1. **Repository Hosting**: All workflows are stored in Gitea instances within the agent environment.
2. **Versioning**: Workflows are versioned using Git. Each version of a workflow must correspond to a specific Git commit.
3. **Artifact Generation**: Workflows are packaged as Docker container images.
- Images must be pushed to the Gitea Integrated Container Registry.
- **Tagging Policy**: Use semantic versioning or Git commit SHAs. Avoid using the latest tag in production to ensure idempotency and easy rollbacks.
## 4. Review and Approval Process
To maintain high-quality standards and security, no code is deployed directly to the main branch.
1. **Feature Branching**: Developers must push their changes to a dedicated feature branch.
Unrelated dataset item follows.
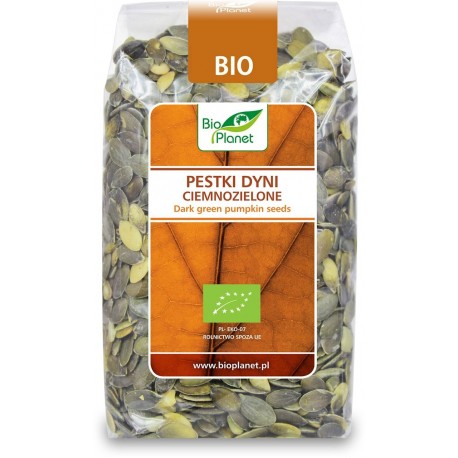 PESTKI DYNI CIEMNOZIELONE BIO UPRAWIANE W EUROPIE 350 g - BIO PLANET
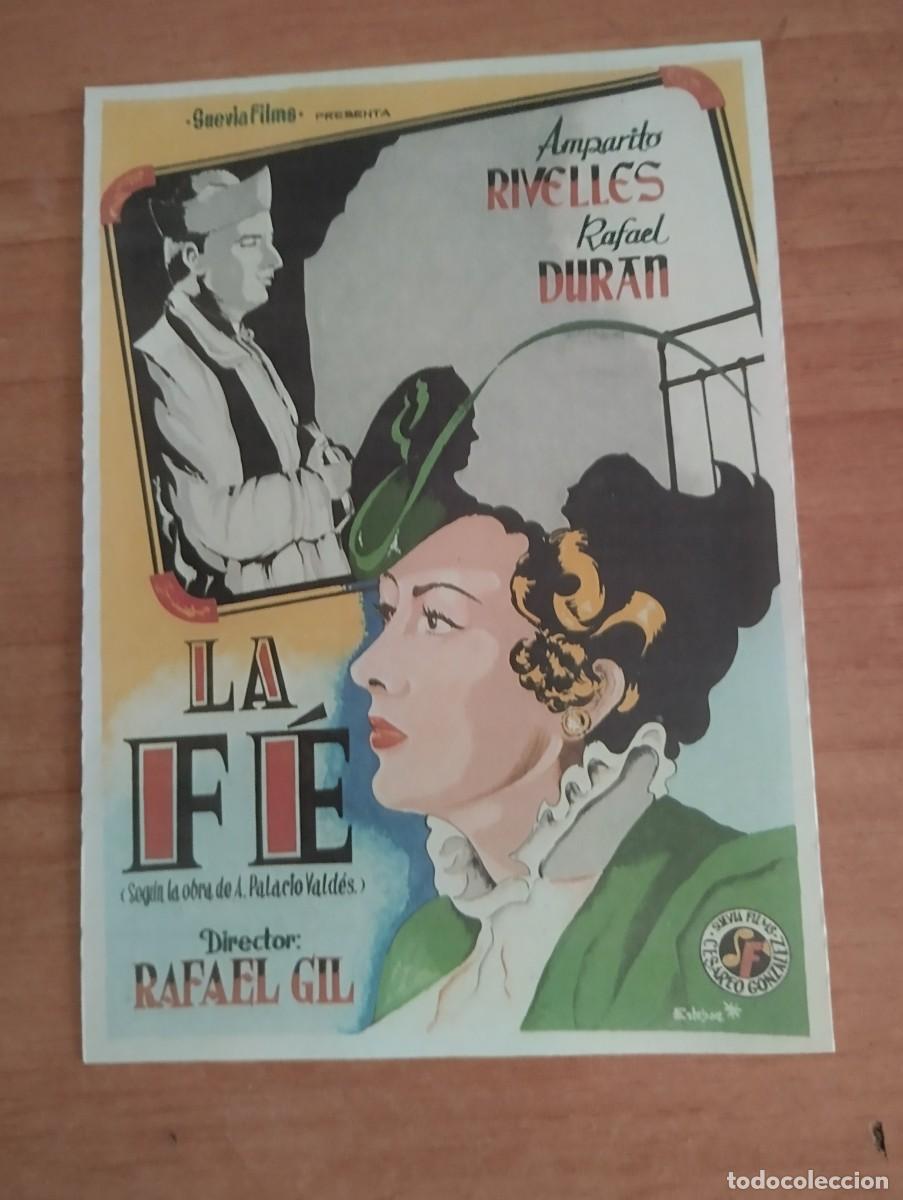 Cine: N&ordm;3-- PROGRAMA DE CINE DE LA PELICULA --LA FE (edit.esteban lirola) - Foto 1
2. **Pull Request (PR)**: Open a Pull Request in Gitea from the feature branch to the main branch.
3. **Peer Review**: At least one developer (other than the author) must review the code.
- Reviewers check for logic errors, security vulnerabilities, and adherence to the standards defined in Section 2.
4. **Approval**: Once comments are addressed and the reviewer provides an "Approve" status, the PR can be merged.
## 5. Production Deployment
After the code is merged and the artifact is published, the final step is deploying to the orchestration platform.
### 5.1 Deployment Pipeline
The deployment follows these automated steps:
1. **CI/CD Trigger**: A merge to the main branch triggers the CI pipeline.
2. **Image Build**: The pipeline builds the Docker image and pushes it to the Gitea Registry.
3. **Manifest Update**: The deployment configuration (e.g., Helm values or Kubernetes manifests) is updated to reference the new image tag.
4. **Platform Reload**: The Simpl-Open orchestration platform (Dagster) is notified of the change.
### 5.2 Verification
To confirm a successful deployment:
- **Dagster UI**: Navigate to the "Deployment" or "Code Locations" tab. Verify that the loaded image tag matches the latest Git commit.
- **Health Check**: Trigger a "Test Run" of the job in the production environment using a limited data slice.
- **Logs**: Monitor the initialization logs in the Dagster daemon to ensure the code location was loaded without schema or dependency errors.